Pictures with short captions:
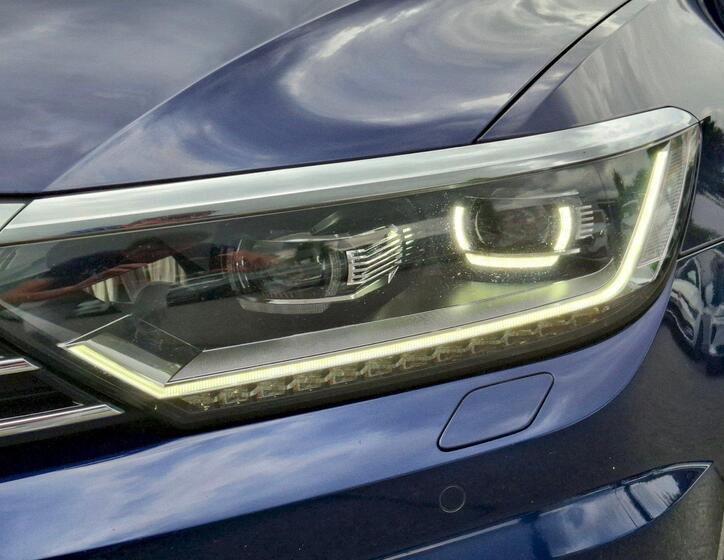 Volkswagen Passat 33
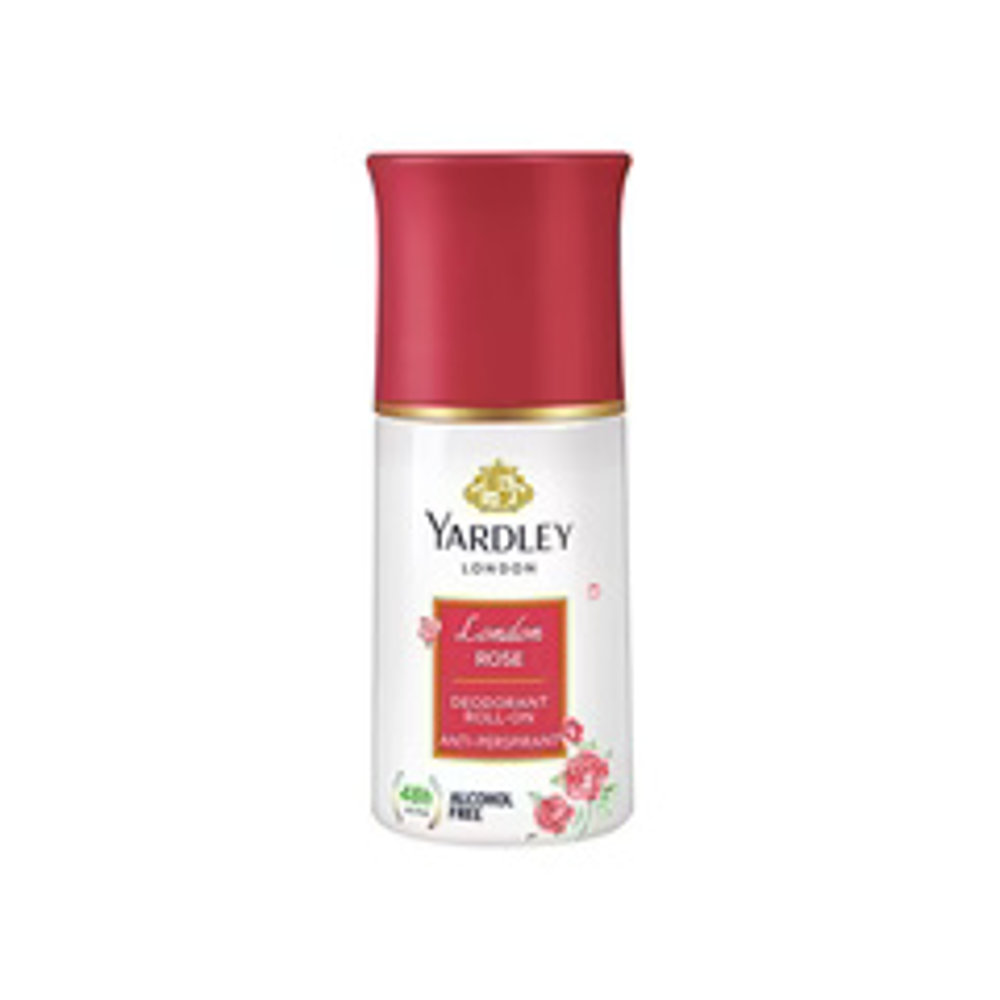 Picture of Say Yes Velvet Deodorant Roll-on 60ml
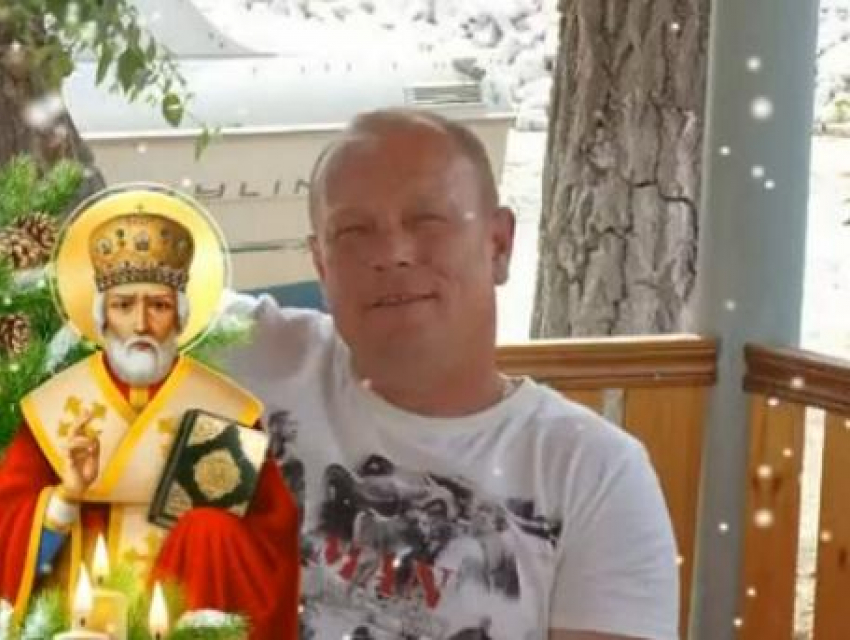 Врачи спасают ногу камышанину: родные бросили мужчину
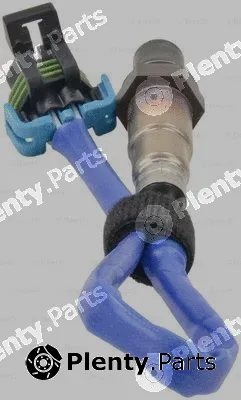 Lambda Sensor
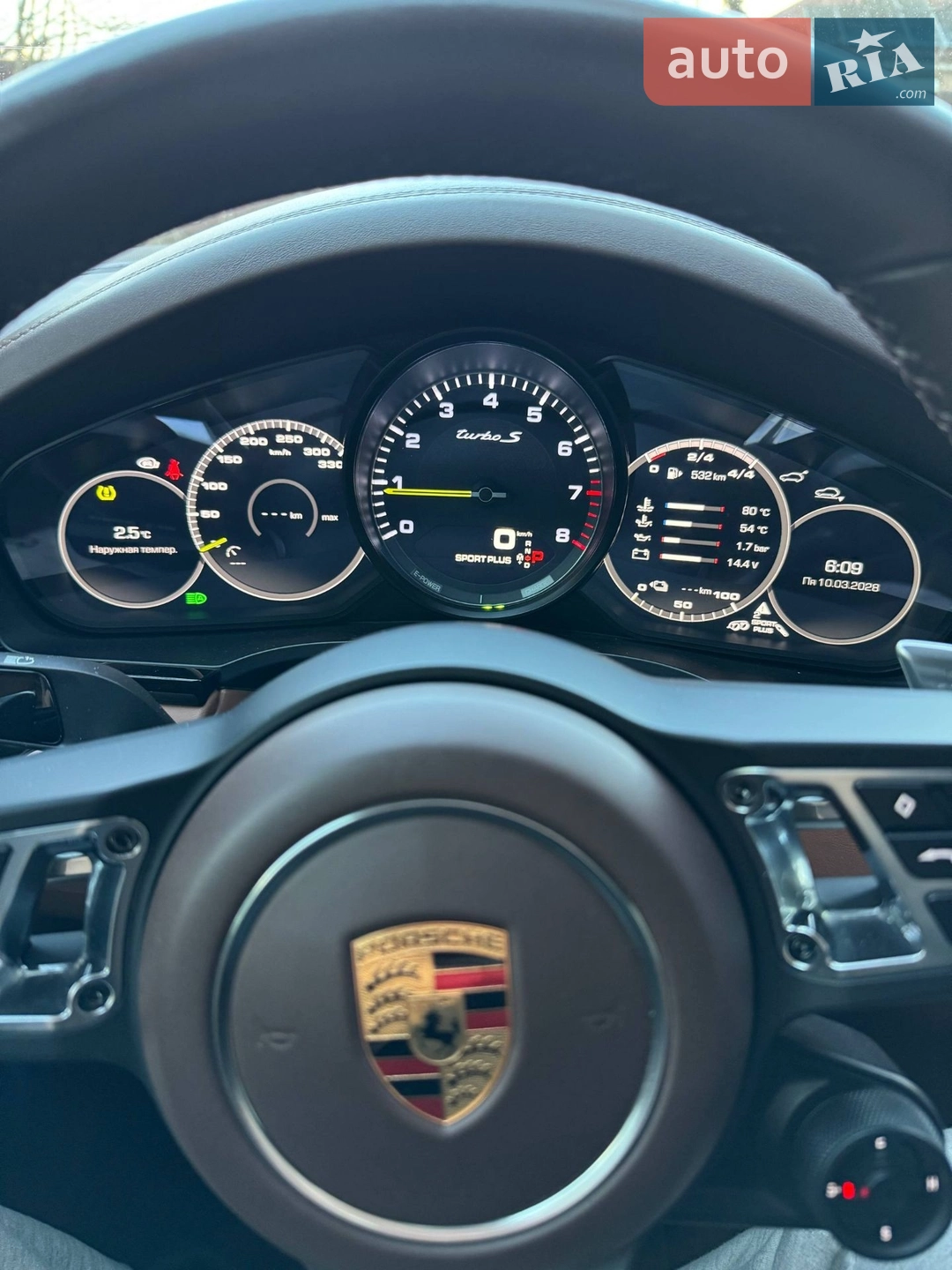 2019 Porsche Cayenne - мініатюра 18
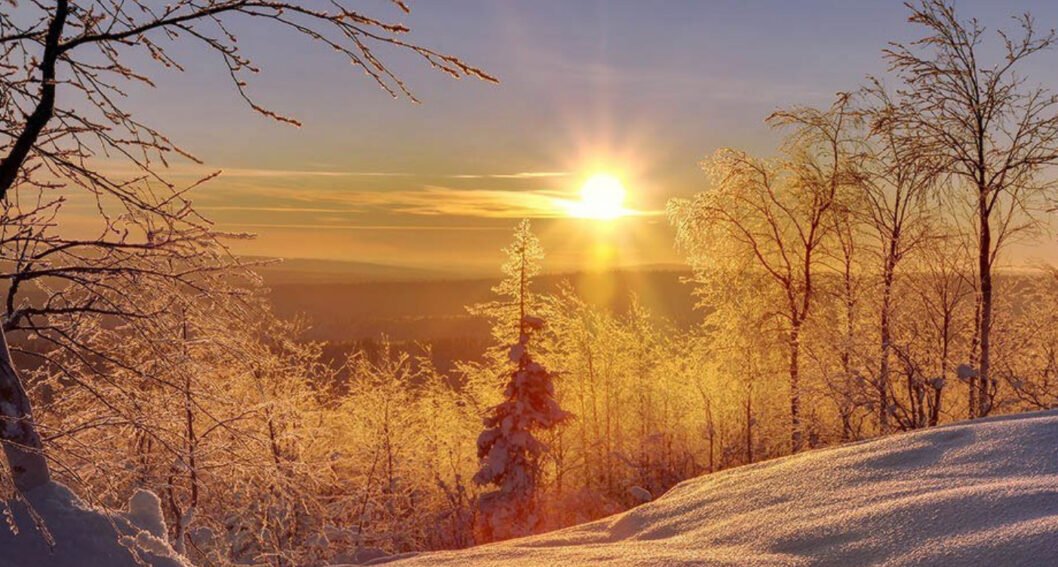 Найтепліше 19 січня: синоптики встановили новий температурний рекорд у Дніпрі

**What you are asked to do:**
What's needed is an exact copy of every entry, free of pictures.

**Response to this task:**
 Volkswagen Passat 33
 Picture of Say Yes Velvet Deodorant Roll-on 60ml
 Врачи спасают ногу камышанину: родные бросили мужчину
 Lambda Sensor
 2019 Porsche Cayenne - мініатюра 18
 Найтепліше 19 січня: синоптики встановили новий температурний рекорд у Дніпрі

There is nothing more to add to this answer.